Implementing dynamic scope for Fennel and Lua
I’m continuing my work on fennel-cljlib, my port of clojure.core
and some other core libraries, focusing on porting missing functions and features to it.
One such feature, which I sometimes miss in Lua and Fennel, is dynamic binding.
The Lua VM doesn’t provide dynamic scoping as a language feature, and Fennel itself doesn’t introduce any concepts like Clojure’s Var
.
However, we can still implement dynamic scoping that works similarly to Clojure and other Lisps using the debug
library.
Most of the ideas are based on information from the guides at leafo.net.
There’s even a “Dynamic scoping in Lua” guide that implements a slightly different version of this feature, requiring variables to be referenced by name via dynamic("var_name")
call.
While this approach is feasible, I wanted something more in line with how other Lisps work, so let’s explore advancing it further.
Luckily for us, Leafo already has all the necessary guides!
But first things first. I wanted to delay working on dynamic scoping as much as possible because it is a feature that’s hard to get right. I already have some experience with implementing dynamic scoping for one of my older libraries that implemented a condition system from Common Lisp in Fennel. This library, however, required special syntax to access all of the dynamically bound symbols and thus did not actually require anything fancy for it to work.
So what does dynamic binding/scoping mean in a language? If you know about lexical and dynamic scoping and wish to skip this tangent, feel free to do so.
In short, lexically scoped variables exist only where their lexical scope allows them to. For example, a variable defined in a block of code will only exist in that block because it is its lexical scope.
When working with languages that have higher-order functions, I often find myself in a situation where I want to refactor some code that uses anonymous functions by moving them out and giving them a name.

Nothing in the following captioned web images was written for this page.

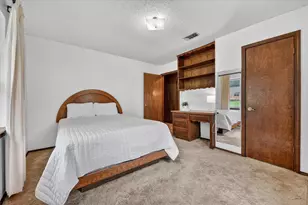 8330 Jerrie Jo Dr, North Richland Hills, TX 76180 - Photo 25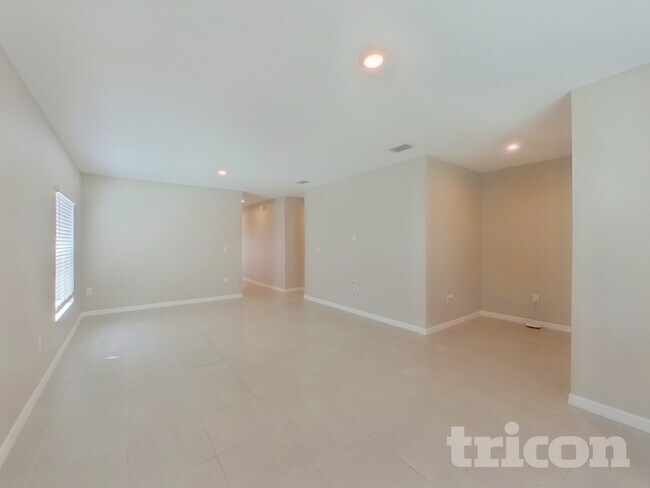 Foto del edificio - 220 Garnet Ave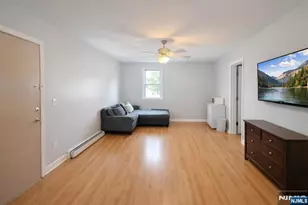 832 Parker St, Newark, NJ 07104 - Photo 2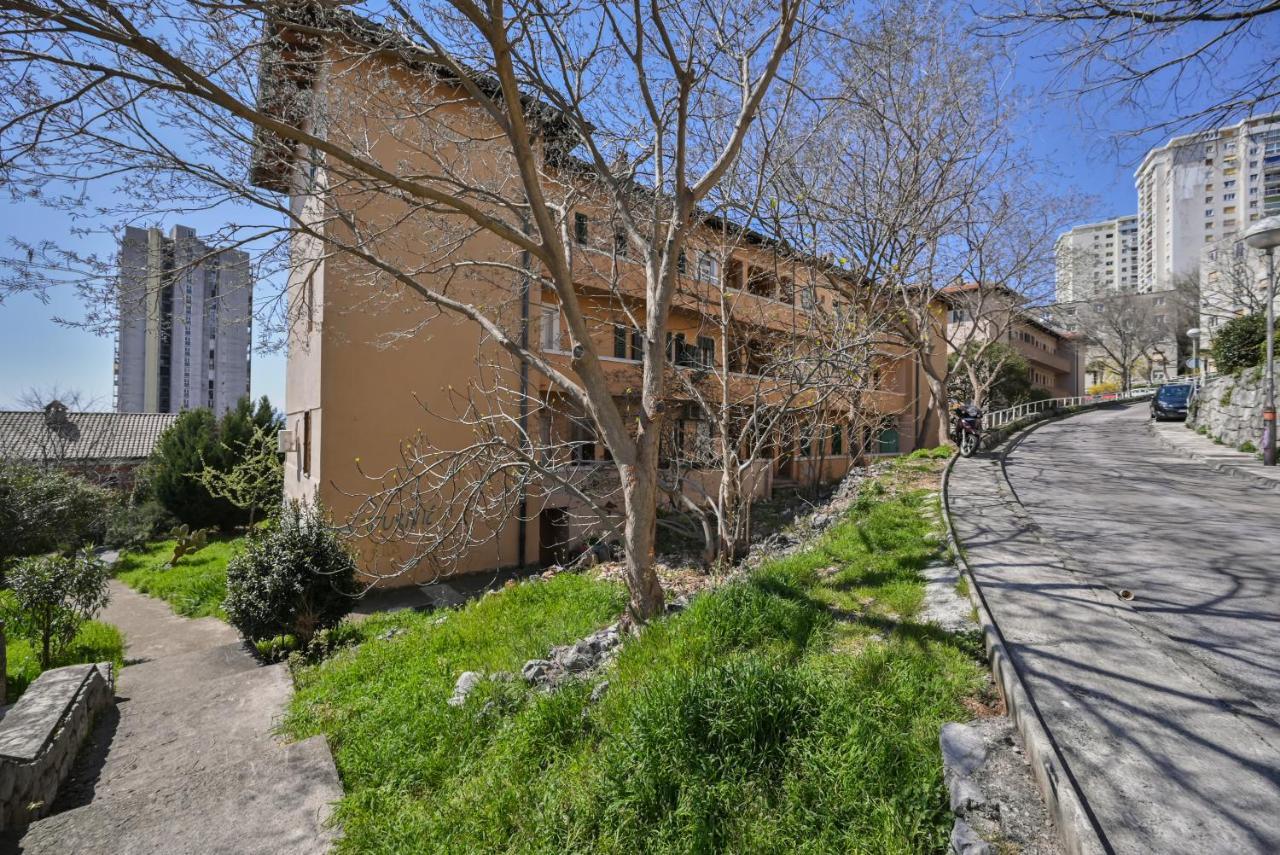 Apartment Terrazzo リエカ エクステリア 写真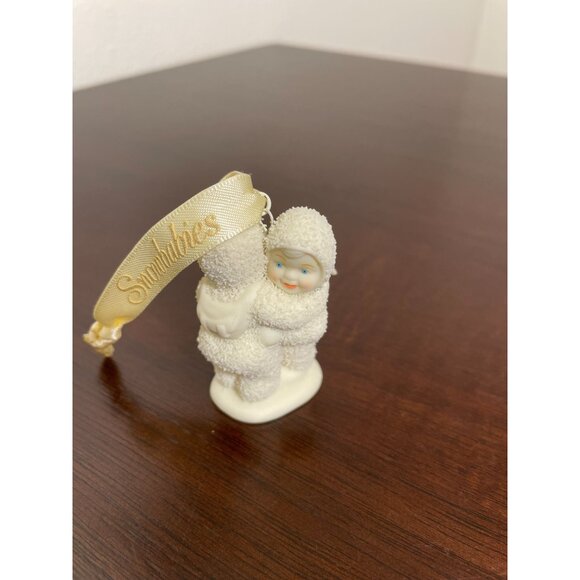 1984 Snowbabies Ornament By Department 56 Baby Hugging Polar Bear Porcelain Coll - Picture 4 of 8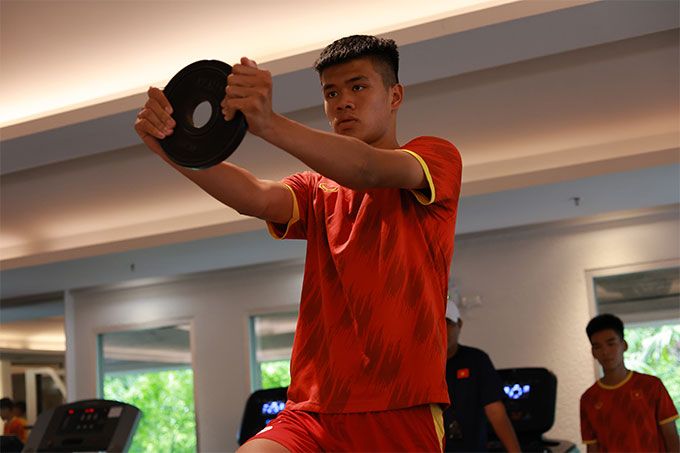 Cầu thủ Hàn Quốc choáng khi nhìn thấy &quot;cây sào&quot; 1m91 của U17 Việt Nam - Ảnh 4.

Sometimes it’s possible; sometimes it’s not.
For example, imagine I wanted to move out this function from map
:
(fn some-func [messages]
(let [extra-data (other-func)]
(map
(fn [message]
(do-stuff message extra-data))
messages)))
If I were to do so, we would have a problem:
(fn process-message [message]
;; oops, extra-data is now an unknown variable
(do-stuff message extra-data))
(fn some-func [messages]
(let [extra-data (other-func)]
(map process-message messages)))
So extra-data
is bound lexically, and thus if we look at the lexical scope of the process-messages
function, we’ll see that it tries to use extra-data
while it’s not defined there.
If extra-data
were a global variable, it wouldn’t be problematic, but it is a local variable with a lexical scope.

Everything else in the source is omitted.